● Problem to solve
All of the data below is to be copied again without changes.

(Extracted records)
<<<<

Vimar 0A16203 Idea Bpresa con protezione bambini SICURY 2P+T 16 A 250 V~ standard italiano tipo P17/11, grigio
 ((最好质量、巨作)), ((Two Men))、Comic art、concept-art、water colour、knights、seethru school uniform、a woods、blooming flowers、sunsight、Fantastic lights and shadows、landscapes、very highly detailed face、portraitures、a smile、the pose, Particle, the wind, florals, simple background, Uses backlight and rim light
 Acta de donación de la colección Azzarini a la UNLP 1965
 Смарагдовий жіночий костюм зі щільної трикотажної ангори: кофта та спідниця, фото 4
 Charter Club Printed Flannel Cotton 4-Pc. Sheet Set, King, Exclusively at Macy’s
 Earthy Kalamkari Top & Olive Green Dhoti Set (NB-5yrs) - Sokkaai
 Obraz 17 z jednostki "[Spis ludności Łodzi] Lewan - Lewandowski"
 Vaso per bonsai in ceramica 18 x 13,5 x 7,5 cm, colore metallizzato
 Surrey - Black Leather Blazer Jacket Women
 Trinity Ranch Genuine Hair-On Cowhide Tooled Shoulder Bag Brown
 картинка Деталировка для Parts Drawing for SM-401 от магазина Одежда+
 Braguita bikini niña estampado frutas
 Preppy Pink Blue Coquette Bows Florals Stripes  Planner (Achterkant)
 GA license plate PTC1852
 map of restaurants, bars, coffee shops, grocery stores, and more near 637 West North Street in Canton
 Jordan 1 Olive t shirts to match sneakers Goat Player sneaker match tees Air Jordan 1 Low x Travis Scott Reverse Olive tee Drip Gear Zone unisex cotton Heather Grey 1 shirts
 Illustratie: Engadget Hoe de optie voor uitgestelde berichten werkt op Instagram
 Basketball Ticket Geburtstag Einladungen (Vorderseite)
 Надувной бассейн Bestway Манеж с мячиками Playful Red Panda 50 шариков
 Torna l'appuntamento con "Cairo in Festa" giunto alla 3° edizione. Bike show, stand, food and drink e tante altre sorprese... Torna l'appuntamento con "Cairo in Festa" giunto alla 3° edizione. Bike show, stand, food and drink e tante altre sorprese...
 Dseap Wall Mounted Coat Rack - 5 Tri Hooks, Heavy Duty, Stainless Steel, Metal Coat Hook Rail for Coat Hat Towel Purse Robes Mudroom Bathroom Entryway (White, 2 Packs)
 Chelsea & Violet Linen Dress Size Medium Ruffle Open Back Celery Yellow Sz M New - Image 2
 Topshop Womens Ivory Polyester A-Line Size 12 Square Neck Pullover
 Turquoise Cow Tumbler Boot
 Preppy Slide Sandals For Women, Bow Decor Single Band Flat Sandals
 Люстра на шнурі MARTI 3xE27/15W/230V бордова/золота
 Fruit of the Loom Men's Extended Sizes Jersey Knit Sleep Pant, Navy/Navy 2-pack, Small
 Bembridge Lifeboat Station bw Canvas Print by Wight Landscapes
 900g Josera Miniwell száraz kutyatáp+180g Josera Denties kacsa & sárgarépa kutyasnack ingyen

>>>>

● Exercise solution
Vimar 0A16203 Idea Bpresa con protezione bambini SICURY 2P+T 16 A 250 V~ standard italiano tipo P17/11, grigio
 ((最好质量、巨作)), ((Two Men))、Comic art、concept-art、water colour、knights、seethru school uniform、a woods、blooming flowers、sunsight、Fantastic lights and shadows、landscapes、very highly detailed face、portraitures、a smile、the pose, Particle, the wind, florals, simple background, Uses backlight and rim light
 Acta de donación de la colección Azzarini a la UNLP 1965
 Смарагдовий жіночий костюм зі щільної трикотажної ангори: кофта та спідниця, фото 4
 Charter Club Printed Flannel Cotton 4-Pc. Sheet Set, King, Exclusively at Macy’s
 Earthy Kalamkari Top & Olive Green Dhoti Set (NB-5yrs) - Sokkaai
 Obraz 17 z jednostki "[Spis ludności Łodzi] Lewan - Lewandowski"
 Vaso per bonsai in ceramica 18 x 13,5 x 7,5 cm, colore metallizzato
 Surrey - Black Leather Blazer Jacket Women
 Trinity Ranch Genuine Hair-On Cowhide Tooled Shoulder Bag Brown
 картинка Деталировка для Parts Drawing for SM-401 от магазина Одежда+
 Braguita bikini niña estampado frutas
 Preppy Pink Blue Coquette Bows Florals Stripes  Planner (Achterkant)
 GA license plate PTC1852
 map of restaurants, bars, coffee shops, grocery stores, and more near 637 West North Street in Canton
 Jordan 1 Olive t shirts to match sneakers Goat Player sneaker match tees Air Jordan 1 Low x Travis Scott Reverse Olive tee Drip Gear Zone unisex cotton Heather Grey 1 shirts
 Illustratie: Engadget Hoe de optie voor uitgestelde berichten werkt op Instagram
 Basketball Ticket Geburtstag Einladungen (Vorderseite)
 Надувной бассейн Bestway Манеж с мячиками Playful Red Panda 50 шариков
 Torna l'appuntamento con "Cairo in Festa" giunto alla 3° edizione. Bike show, stand, food and drink e tante altre sorprese... Torna l'appuntamento con "Cairo in Festa" giunto alla 3° edizione. Bike show, stand, food and drink e tante altre sorprese...
 Dseap Wall Mounted Coat Rack - 5 Tri Hooks, Heavy Duty, Stainless Steel, Metal Coat Hook Rail for Coat Hat Towel Purse Robes Mudroom Bathroom Entryway (White, 2 Packs)
 Chelsea & Violet Linen Dress Size Medium Ruffle Open Back Celery Yellow Sz M New - Image 2
 Topshop Womens Ivory Polyester A-Line Size 12 Square Neck Pullover
 Turquoise Cow Tumbler Boot
 Preppy Slide Sandals For Women, Bow Decor Single Band Flat Sandals
 Люстра на шнурі MARTI 3xE27/15W/230V бордова/золота
 Fruit of the Loom Men's Extended Sizes Jersey Knit Sleep Pant, Navy/Navy 2-pack, Small
 Bembridge Lifeboat Station bw Canvas Print by Wight Landscapes
 900g Josera Miniwell száraz kutyatáp+180g Josera Denties kacsa & sárgarépa kutyasnack ingyen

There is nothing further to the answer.